▶ _Brief_
Would you copy only the lines below, beginning with the one that contains "Canard Figurine en" and running through the last entry line?

++++ Record excerpts ++++

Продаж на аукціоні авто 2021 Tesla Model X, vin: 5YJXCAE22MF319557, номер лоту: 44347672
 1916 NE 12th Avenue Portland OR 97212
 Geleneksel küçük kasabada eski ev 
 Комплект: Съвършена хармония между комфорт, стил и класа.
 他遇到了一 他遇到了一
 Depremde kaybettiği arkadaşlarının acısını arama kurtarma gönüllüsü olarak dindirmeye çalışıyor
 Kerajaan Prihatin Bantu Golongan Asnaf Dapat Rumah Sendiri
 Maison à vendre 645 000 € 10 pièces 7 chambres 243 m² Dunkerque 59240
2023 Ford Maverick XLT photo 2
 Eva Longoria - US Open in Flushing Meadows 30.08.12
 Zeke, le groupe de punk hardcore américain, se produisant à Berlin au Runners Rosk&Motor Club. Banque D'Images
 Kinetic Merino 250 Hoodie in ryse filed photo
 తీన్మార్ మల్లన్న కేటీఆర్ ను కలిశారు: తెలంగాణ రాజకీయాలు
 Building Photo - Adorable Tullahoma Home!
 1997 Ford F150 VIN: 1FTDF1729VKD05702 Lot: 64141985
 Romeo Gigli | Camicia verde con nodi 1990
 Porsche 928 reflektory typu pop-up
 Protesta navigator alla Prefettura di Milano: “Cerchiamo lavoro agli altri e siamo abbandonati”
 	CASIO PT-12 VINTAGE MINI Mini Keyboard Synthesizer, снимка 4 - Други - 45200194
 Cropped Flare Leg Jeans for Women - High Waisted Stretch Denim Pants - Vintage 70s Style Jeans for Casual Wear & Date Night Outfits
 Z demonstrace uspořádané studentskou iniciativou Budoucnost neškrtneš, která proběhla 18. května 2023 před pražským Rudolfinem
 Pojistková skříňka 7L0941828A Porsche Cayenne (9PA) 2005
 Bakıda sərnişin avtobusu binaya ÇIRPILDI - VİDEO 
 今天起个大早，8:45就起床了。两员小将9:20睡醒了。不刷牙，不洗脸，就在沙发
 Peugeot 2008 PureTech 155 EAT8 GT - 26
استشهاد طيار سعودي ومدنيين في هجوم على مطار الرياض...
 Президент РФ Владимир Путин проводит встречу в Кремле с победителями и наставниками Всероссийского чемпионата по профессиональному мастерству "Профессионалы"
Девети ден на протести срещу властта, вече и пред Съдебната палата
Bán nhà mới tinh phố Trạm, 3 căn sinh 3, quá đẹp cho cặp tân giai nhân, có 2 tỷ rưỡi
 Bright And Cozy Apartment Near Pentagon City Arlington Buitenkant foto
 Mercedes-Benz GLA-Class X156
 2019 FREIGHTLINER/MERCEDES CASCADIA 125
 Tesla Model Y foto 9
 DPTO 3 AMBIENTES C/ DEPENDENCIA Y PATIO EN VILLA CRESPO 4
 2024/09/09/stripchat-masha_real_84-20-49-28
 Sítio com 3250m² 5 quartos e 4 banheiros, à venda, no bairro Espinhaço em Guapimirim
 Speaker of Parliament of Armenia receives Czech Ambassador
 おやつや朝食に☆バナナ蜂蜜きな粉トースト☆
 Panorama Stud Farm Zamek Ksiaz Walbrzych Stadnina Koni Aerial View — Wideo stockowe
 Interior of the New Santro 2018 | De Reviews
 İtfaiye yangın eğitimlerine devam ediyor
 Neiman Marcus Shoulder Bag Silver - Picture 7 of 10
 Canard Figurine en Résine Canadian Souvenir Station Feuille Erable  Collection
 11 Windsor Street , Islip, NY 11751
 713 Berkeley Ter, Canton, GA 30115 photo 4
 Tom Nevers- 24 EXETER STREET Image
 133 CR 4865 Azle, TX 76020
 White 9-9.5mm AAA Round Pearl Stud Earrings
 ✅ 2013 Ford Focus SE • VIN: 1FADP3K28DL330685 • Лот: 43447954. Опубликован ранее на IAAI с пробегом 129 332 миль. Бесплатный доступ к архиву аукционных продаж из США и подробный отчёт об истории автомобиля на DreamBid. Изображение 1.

++++

▶ _Worked solution_
 Canard Figurine en Résine Canadian Souvenir Station Feuille Erable  Collection
 11 Windsor Street , Islip, NY 11751
 713 Berkeley Ter, Canton, GA 30115 photo 4
 Tom Nevers- 24 EXETER STREET Image
 133 CR 4865 Azle, TX 76020
 White 9-9.5mm AAA Round Pearl Stud Earrings
 ✅ 2013 Ford Focus SE • VIN: 1FADP3K28DL330685 • Лот: 43447954. Опубликован ранее на IAAI с пробегом 129 332 миль. Бесплатный доступ к архиву аукционных продаж из США и подробный отчёт об истории автомобиля на DreamBid. Изображение 1.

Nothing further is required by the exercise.